In many cases, we have been taught by family or by society that we should play nice, get along with others, go with the flow, or embrace love and light. Such training when taken too far can lead to spiritual bypassing. In other words, many of us have developed a bad habit of shaming or suppressing negative emotions. The thing is, denying our anger doesn’t make it go away and it certainly doesn’t harness the pure potential power in this raw emotion. All it does is shove this aspect of our humanity underground where it festers… and often later explodes. Anger is part of the whole of human experience. It cannot and should not be ignored or avoided.

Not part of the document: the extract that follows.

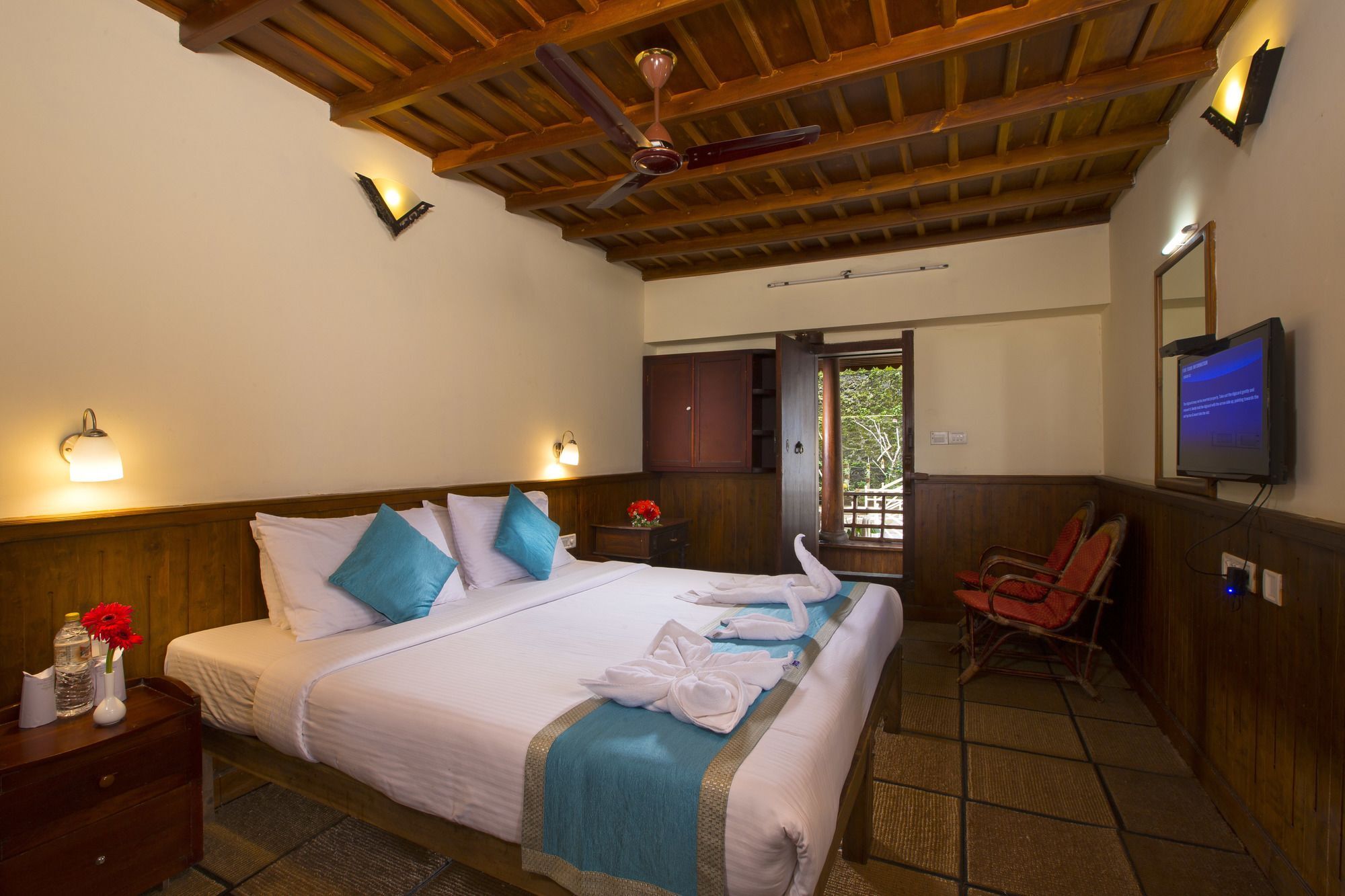 Spice Country Resort Chithirapuram Exteriör bild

Yet not all expressions of anger are created equal. We see many toxic exhibitions of anger in our world these days. This is the type of unhealthy anger that results in accumulated vitriol, verbal violence, or even acts of physical aggression. Without consciousness, anger gets grossly distorted – instead of being a vehicle for positive change; it is twisted into a weapon of indiscriminate destruction. The heat-seeking impetus of unhealthy anger is uncontrolled and unfocused; it wants to harm someone, anyone, in desperation to press the release valve for pent up hatred and contempt. Unhealthy anger is vengeful and it is violent. In recent weeks, we’ve seen examples of this in Charlottesville and in Barcelona.

When we see examples of unhealthy anger, they may seem senseless or wasteful. We think to ourselves, what was the point of that? Who are these angry people converting? Who are they trying to convince?

Sometimes, the targets of unhealthy anger are individuals upon which group-level or system-level transgressions have been singularly projected. More often we witness inadvertent casualties of this toxic anger activation – unwitting bystanders who happened to be in the wrong place at the wrong time. Yikes. It’s no wonder that we are taught that anger is somehow “bad” and to be avoided at all costs.

But if we swallow without question the false belief that anger is bad, then we are missing a big piece of the manifestation equation. Anger is simply information. It provides rich data from your instinctual center. It is a message from your body intelligence. If you listen to your anger carefully, it will tell you unequivocally what you like and what you don’t like to see in the world; what you accept and what you reject; what is okay and what is not okay. Anger helps us draw boundaries. It is good and necessary to have healthy boundaries.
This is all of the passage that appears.